▶ _RECORDS PROVIDED_:
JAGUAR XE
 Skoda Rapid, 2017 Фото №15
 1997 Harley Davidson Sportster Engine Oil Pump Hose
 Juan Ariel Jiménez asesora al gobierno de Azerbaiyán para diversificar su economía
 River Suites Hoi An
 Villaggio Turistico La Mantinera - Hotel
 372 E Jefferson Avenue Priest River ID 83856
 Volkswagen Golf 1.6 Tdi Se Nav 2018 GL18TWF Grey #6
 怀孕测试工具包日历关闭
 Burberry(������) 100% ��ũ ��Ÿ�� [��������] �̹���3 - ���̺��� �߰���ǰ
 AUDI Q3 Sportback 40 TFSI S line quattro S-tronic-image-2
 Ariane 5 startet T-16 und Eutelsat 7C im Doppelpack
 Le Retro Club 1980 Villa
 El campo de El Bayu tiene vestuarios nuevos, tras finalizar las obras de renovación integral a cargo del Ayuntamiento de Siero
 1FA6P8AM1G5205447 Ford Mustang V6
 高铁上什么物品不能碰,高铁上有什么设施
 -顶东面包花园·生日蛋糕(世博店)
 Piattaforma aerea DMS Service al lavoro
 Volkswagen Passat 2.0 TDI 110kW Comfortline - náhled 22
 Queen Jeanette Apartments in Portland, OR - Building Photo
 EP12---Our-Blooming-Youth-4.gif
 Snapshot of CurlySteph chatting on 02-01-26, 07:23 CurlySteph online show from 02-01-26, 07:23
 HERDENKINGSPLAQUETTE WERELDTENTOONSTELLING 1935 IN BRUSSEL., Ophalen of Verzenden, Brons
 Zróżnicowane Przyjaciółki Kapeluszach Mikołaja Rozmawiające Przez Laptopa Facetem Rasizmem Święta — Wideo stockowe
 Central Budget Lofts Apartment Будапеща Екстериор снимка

▶ _WHAT YOU WILL DO_:
Write down, word for word, the lines above from the one containing "1997 Harley Davidson" through the one containing "怀孕测试工具包日历关闭", both ends included.

▶ _COMPLETED TASK_:
 1997 Harley Davidson Sportster Engine Oil Pump Hose
 Juan Ariel Jiménez asesora al gobierno de Azerbaiyán para diversificar su economía
 River Suites Hoi An
 Villaggio Turistico La Mantinera - Hotel
 372 E Jefferson Avenue Priest River ID 83856
 Volkswagen Golf 1.6 Tdi Se Nav 2018 GL18TWF Grey #6
 怀孕测试工具包日历关闭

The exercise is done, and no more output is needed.